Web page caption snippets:

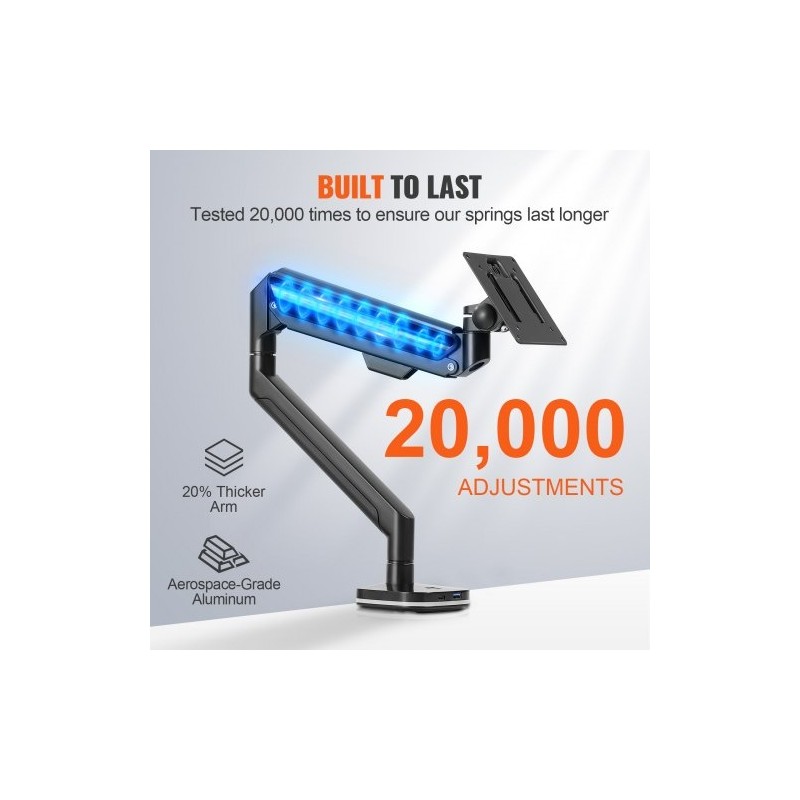 Näyttövarsi alumiiniseos 13–35 tuuman näytöille kaasujousella 12 kg kantavuus C-puristin tai läpivientikiinnitys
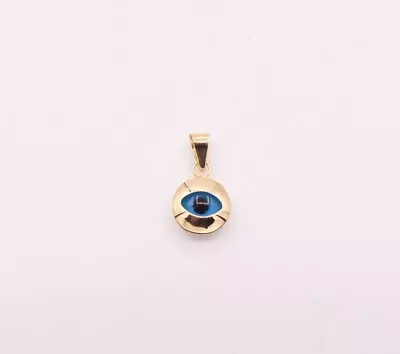 $44.79 • Buy 3D Ocean Blue Evil Eye Good Luck Round Charm Pendant Real 14K Yellow Gold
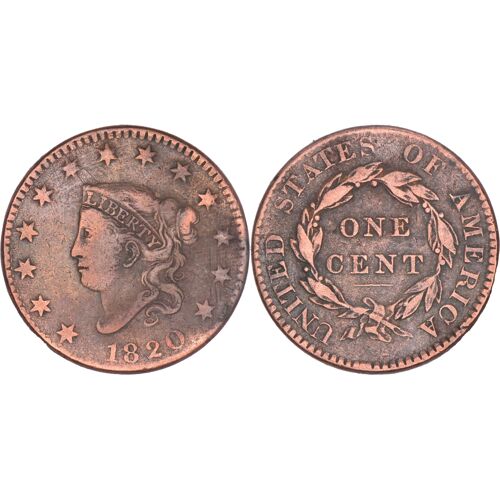 Etats-Unis - 1820 - Large One Cent Coronet Head - 07-152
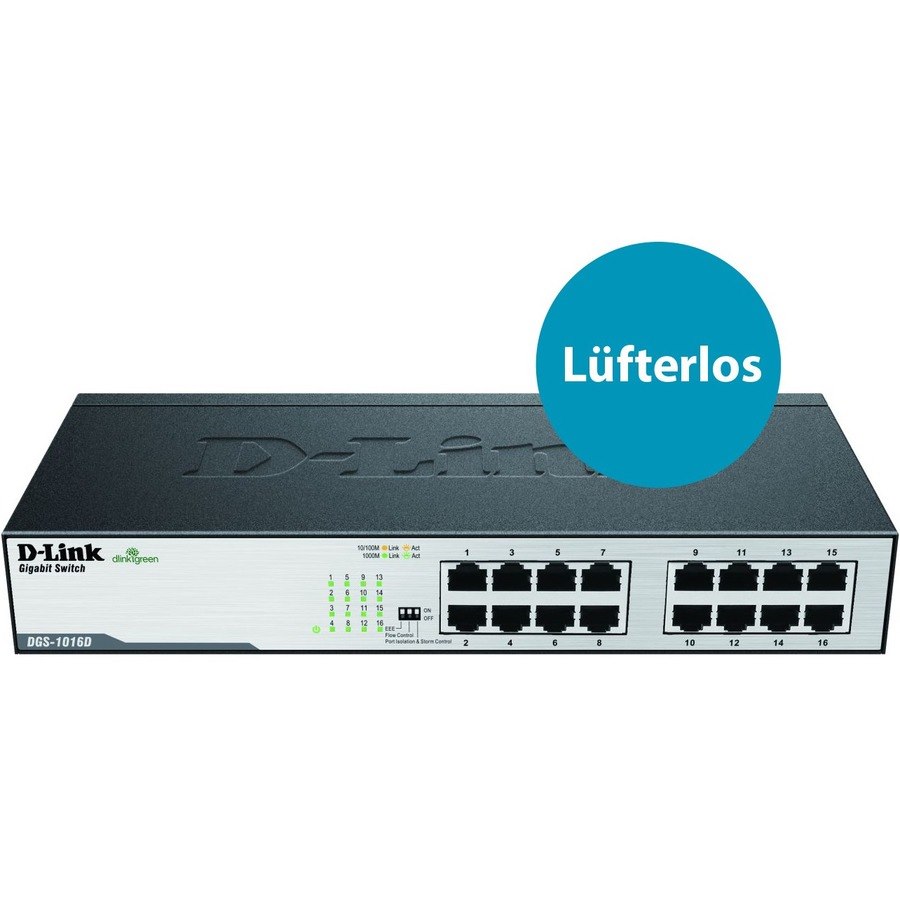 D-Link DGS-1016D 16 Ports Ethernet Switch - Gigabit Ethernet - 10Base-T, 10/100/1000Base-T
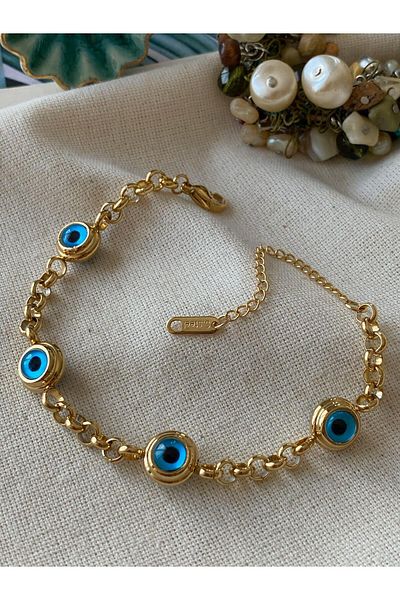 Lujo 4-Eye Steel Bracelet with Evil Eye Beads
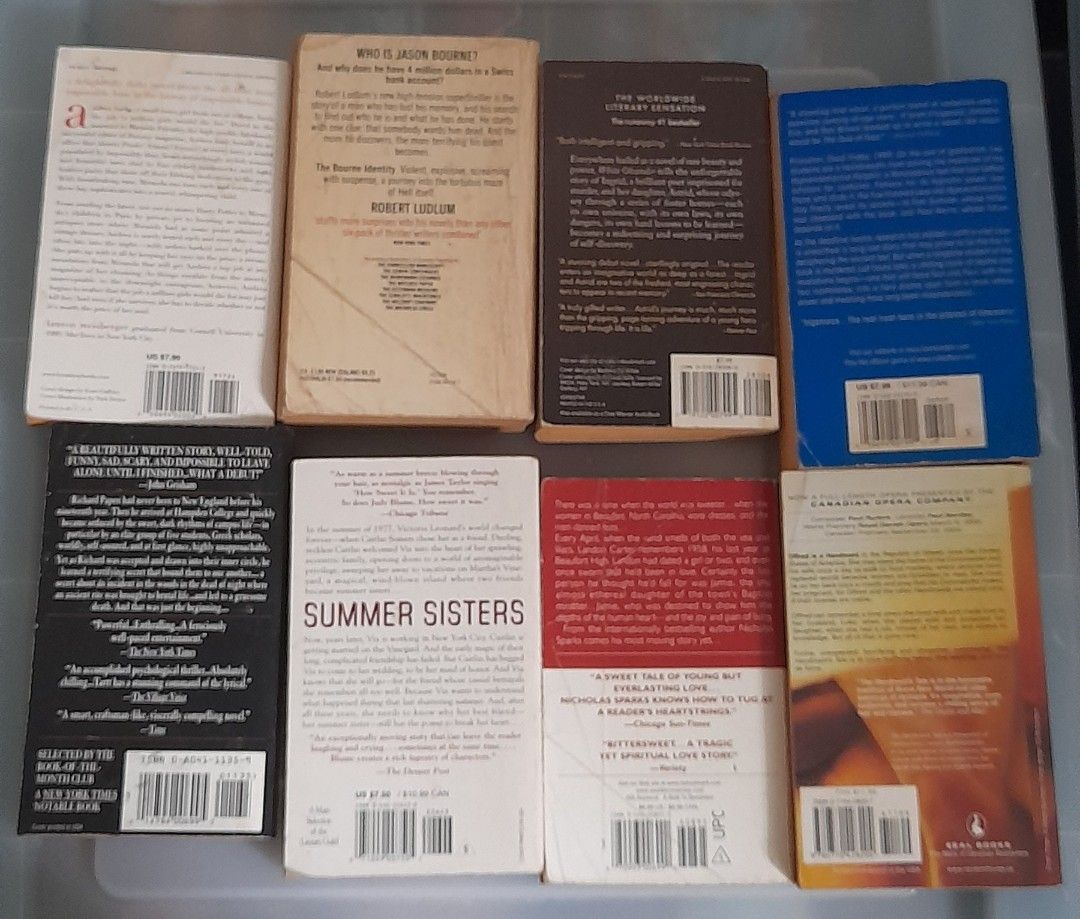 Popular Fiction 8 Small Paperbacks (details in description) (Category: Storybooks) located in Caloocan City. Submitted by giftsfromjapan5 (Listing ID 1390265771, Image 3). Description: 1) Devil Wears Prada - Lauren Weisberger 2) Bourne Identity - Robert Ludlum 3) White Oleander - Janet Fitch 4) Rule of Four - Ian Caldwell, Dustin Thomason 5) Secret History - Donna Tartt 6) Summer Sisters - Judy Blume 7) A Walk to Remember - Nicholas Sparks 8) Han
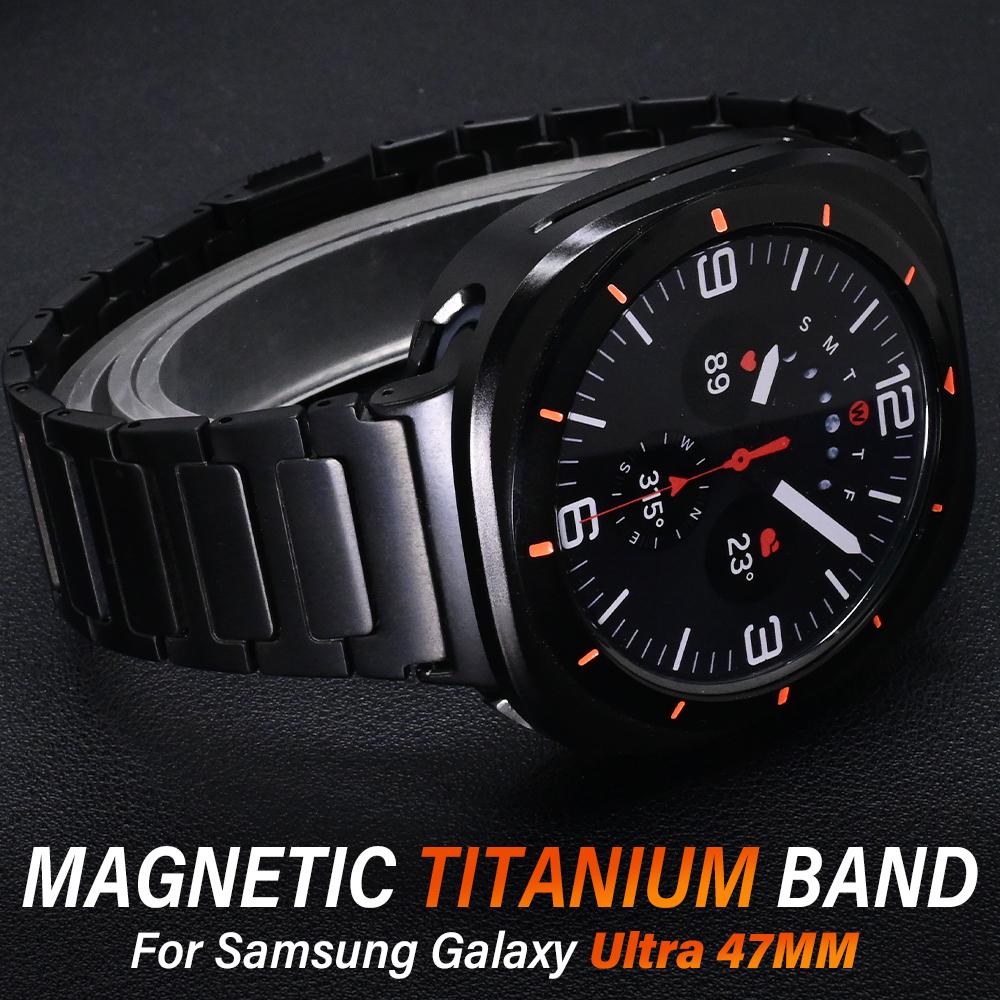 Магнитный титановый ремешок для Samsung Galaxy Ultra Роскошный мужской браслет для Samsung Galaxy Ultra Watch 47 мм Браслет-звено БЕЗ ЗАЗОРОВ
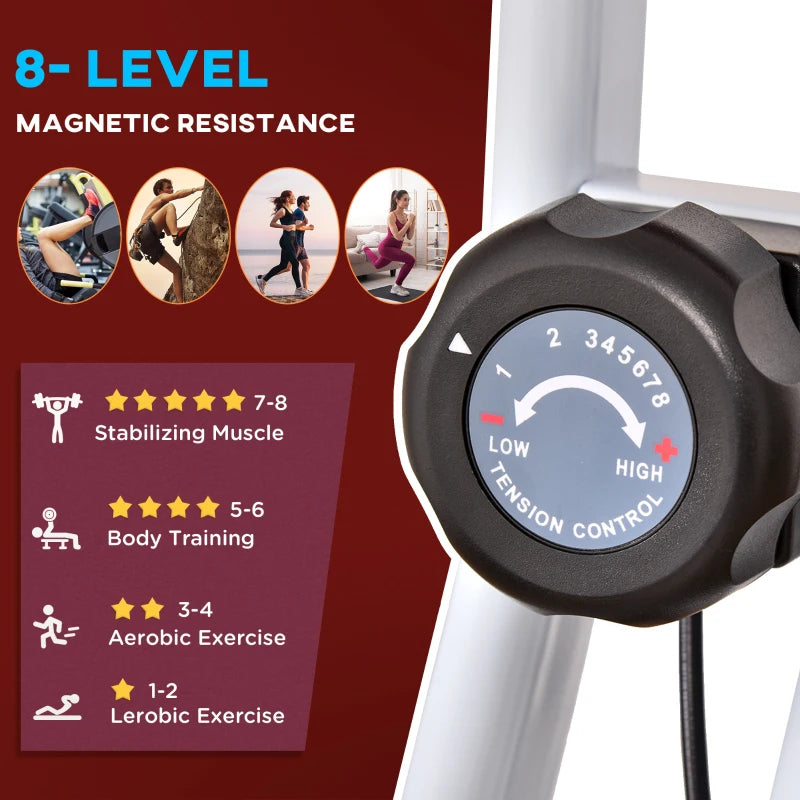HOMCOM Steel Manual Resistance Exercise Bike w/ LCD Monitor Red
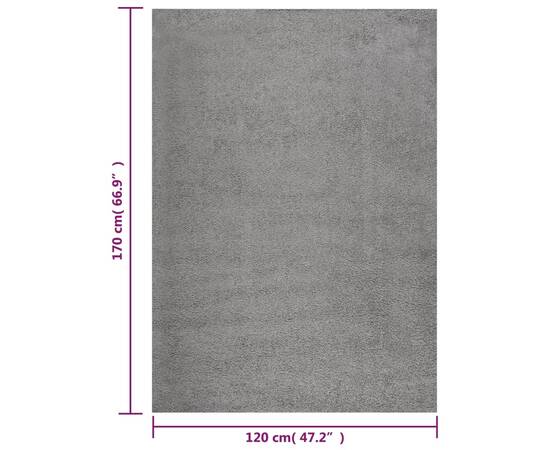Covor shaggy, fir lung, gri, 120x170 cm, 9 image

**WHAT YOU NEED TO DO**
Each of the records above needs to be transcribed exactly, apart from its pictures.

**COMPLETED EXERCISE**
 Näyttövarsi alumiiniseos 13–35 tuuman näytöille kaasujousella 12 kg kantavuus C-puristin tai läpivientikiinnitys
 $44.79 • Buy 3D Ocean Blue Evil Eye Good Luck Round Charm Pendant Real 14K Yellow Gold
 Etats-Unis - 1820 - Large One Cent Coronet Head - 07-152
 D-Link DGS-1016D 16 Ports Ethernet Switch - Gigabit Ethernet - 10Base-T, 10/100/1000Base-T
 Lujo 4-Eye Steel Bracelet with Evil Eye Beads
 Popular Fiction 8 Small Paperbacks (details in description) (Category: Storybooks) located in Caloocan City. Submitted by giftsfromjapan5 (Listing ID 1390265771, Image 3). Description: 1) Devil Wears Prada - Lauren Weisberger 2) Bourne Identity - Robert Ludlum 3) White Oleander - Janet Fitch 4) Rule of Four - Ian Caldwell, Dustin Thomason 5) Secret History - Donna Tartt 6) Summer Sisters - Judy Blume 7) A Walk to Remember - Nicholas Sparks 8) Han
 Магнитный титановый ремешок для Samsung Galaxy Ultra Роскошный мужской браслет для Samsung Galaxy Ultra Watch 47 мм Браслет-звено БЕЗ ЗАЗОРОВ
HOMCOM Steel Manual Resistance Exercise Bike w/ LCD Monitor Red
Covor shaggy, fir lung, gri, 120x170 cm, 9 image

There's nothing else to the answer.